··· Extracted data ···

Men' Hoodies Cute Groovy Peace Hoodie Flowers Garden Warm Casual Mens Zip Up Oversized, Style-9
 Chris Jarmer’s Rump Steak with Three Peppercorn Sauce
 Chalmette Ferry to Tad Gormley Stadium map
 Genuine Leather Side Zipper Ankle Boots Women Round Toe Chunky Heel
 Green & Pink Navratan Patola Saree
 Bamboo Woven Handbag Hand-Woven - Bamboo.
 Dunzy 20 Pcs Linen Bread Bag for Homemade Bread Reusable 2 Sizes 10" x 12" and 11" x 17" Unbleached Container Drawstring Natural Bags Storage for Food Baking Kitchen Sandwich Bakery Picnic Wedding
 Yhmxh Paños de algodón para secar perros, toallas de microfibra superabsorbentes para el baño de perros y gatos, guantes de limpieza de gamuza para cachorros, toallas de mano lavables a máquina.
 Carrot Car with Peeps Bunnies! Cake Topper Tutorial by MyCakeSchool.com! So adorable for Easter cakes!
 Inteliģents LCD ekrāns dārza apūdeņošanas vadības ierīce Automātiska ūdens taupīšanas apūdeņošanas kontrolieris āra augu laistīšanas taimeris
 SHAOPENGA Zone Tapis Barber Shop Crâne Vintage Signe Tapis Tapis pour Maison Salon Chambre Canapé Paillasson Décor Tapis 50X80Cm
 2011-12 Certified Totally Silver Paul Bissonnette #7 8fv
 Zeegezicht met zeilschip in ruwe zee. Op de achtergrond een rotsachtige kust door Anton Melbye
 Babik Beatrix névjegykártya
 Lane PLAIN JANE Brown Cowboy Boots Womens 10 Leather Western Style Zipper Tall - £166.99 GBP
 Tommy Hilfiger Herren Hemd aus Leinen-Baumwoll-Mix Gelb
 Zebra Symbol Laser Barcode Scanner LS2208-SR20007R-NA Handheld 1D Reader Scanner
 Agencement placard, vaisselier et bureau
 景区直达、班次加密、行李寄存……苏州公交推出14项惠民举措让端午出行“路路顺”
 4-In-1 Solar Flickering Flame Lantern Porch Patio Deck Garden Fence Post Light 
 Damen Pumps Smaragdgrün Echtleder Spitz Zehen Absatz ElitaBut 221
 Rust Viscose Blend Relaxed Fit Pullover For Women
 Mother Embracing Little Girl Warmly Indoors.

···

→ **What is needed**
Would you copy, unchanged, the stretch of the records above that begins at the line containing "Carrot Car with" and ends at the line containing "Zeegezicht met zeilschip", and only that?

→ **Solved exercise**
 Carrot Car with Peeps Bunnies! Cake Topper Tutorial by MyCakeSchool.com! So adorable for Easter cakes!
 Inteliģents LCD ekrāns dārza apūdeņošanas vadības ierīce Automātiska ūdens taupīšanas apūdeņošanas kontrolieris āra augu laistīšanas taimeris
 SHAOPENGA Zone Tapis Barber Shop Crâne Vintage Signe Tapis Tapis pour Maison Salon Chambre Canapé Paillasson Décor Tapis 50X80Cm
 2011-12 Certified Totally Silver Paul Bissonnette #7 8fv
 Zeegezicht met zeilschip in ruwe zee. Op de achtergrond een rotsachtige kust door Anton Melbye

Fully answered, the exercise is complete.